Cloud Architecture Diagram: View here
- Docker
- Docker Compose
- htpasswd file
To set up password protection for the Flower dashboard, you need to create a .htpasswd
file
- Install apache2-utils
sudo apt-get update
sudo apt-get install apache2-utils
- Create the .htpasswd file
htpasswd -c /mnt/c/path/to/.htpasswd username
We can use Using Git Bash on windows
-
Open Git Bash: Launch Git Bash from your Start menu.
-
Create the
.htpasswd
file: Use the following command to create the file:
htpasswd -c /c/path/to/.htpasswd username
Another way is use websites which generate .htpasswd file but this is not recommended since you will be entering your password on a random website
-
Clone the repository:
git clone https://github.com/your-repository.git cd your-repository
-
Generate Google Gemini API Key: To integrate the AI functionality, you need to generate an API key from Google Gemini.
- Go to https://gemini.google.com/.
- Click on For Developers from the top navbar, and you will be redirected to Google AI Developer.
- Click on Get API Key in the Google AI Studio.
- Then, click on Create API Key, and your API key will be generated.
- Store this key safely as you'll need to set it in the environment variables.
-
Build and Run Using Docker Compose:
- Use
docker-compose
to build and start all the necessary services, including FastAPI, MongoDB, Redis, Celery, and NGINX.
Run the following command to build and start the containers:
docker-compose up --build
- Use
-
Access the API: Once the services are up and running, you can access the API at:
http://localhost
-
Celery Workers: Celery workers will automatically be started by the
docker-compose
setup to handle async tasks. -
Access the flower dashboard: Once the services are up and running, you can access the flower dashboard at:
http://localhost/flower
-
NGINX Reverse Proxy: NGINX is configured to handle all incoming requests and proxy them to the FastAPI application running on port 8000 and flower dashboard running on port 5556.
-
Tear Down: To stop and remove all running containers:
docker-compose down
Use pytest to run your tests. Note that while the tests cover core functionalities, they are not fully comprehensive at this point.
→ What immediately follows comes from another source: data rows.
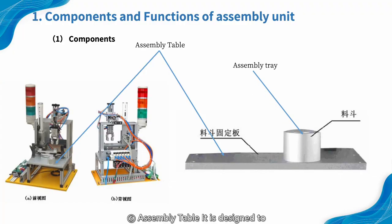5. Assembly table. It is designed to position the workpiece to be assembled while assembling. The smaller gap between the positioning hole and the workpiece ensures the accuracy of assembly and positioning. A fiber optic sensor installed in the bore of the positioning tube is used to detect whether the workpiece to be assembled is placed in.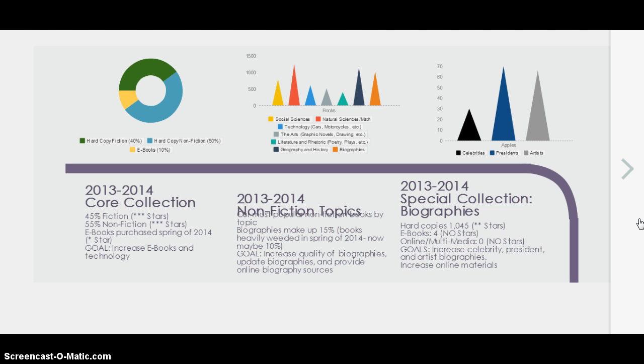The 2013-2014 special collection focus on biographies: we have 1,045 hard copies of biographies, which only gets two stars — quality is not great and a lot of the books are outdated. There are only four ebooks, earning zero stars, and zero online or multimedia sources incorporated into our catalog. The goal is to increase the celebrity, president, and artist biographies and increase the online materials.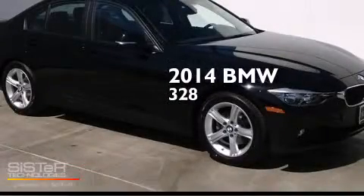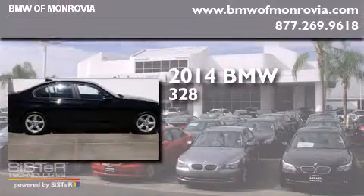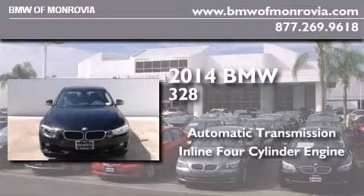This is a brand new 2014 BMW 328. This car has an automatic transmission and an inline four-cylinder engine.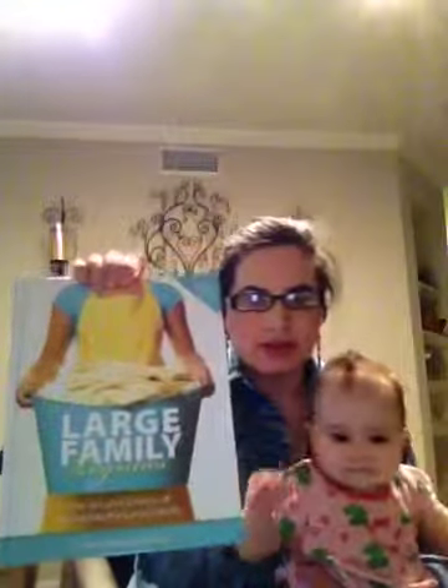The other thing I wanted to tell you guys about was this book I just finished reading. This is Large Family Logistics by Kim Brennan — The Art and Science of Managing the Large Family. It was published by Vision Forum Ministries. If you're not familiar with them, check out their website; they've got an awesome catalog and a lot of really cool books geared towards homeschooling families.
However, the application has been manually tested.
pytest
If deploying on AWS EKS:
- Ensure the cluster is set up with the necessary autoscaling based on CPU and memory using a metrics server.
- Use CloudWatch or self-hosted Kube Prometheus monitoring stack to monitor the system and set up alerts for CPU, memory, and disk space metrics.
- Make sure that daily backups are enabled for MongoDB.
- Manage security groups and NACLs to ensure minimal exposure to the public internet.
- Testing: The current test coverage is limited, and not all edge cases are covered. Manual testing has been performed to ensure core functionality.
- Further Security Enhancements: In the future, additional security features like IP whitelisting, detailed audit logging, and role-based access control (RBAC) could be implemented.
This backend API application is designed to create and manage sample exam papers, leveraging AI to simplify input generation. Security and scalability have been prioritized in the architecture, ensuring the application is ready for deployment in a production environment with cloud-native technologies.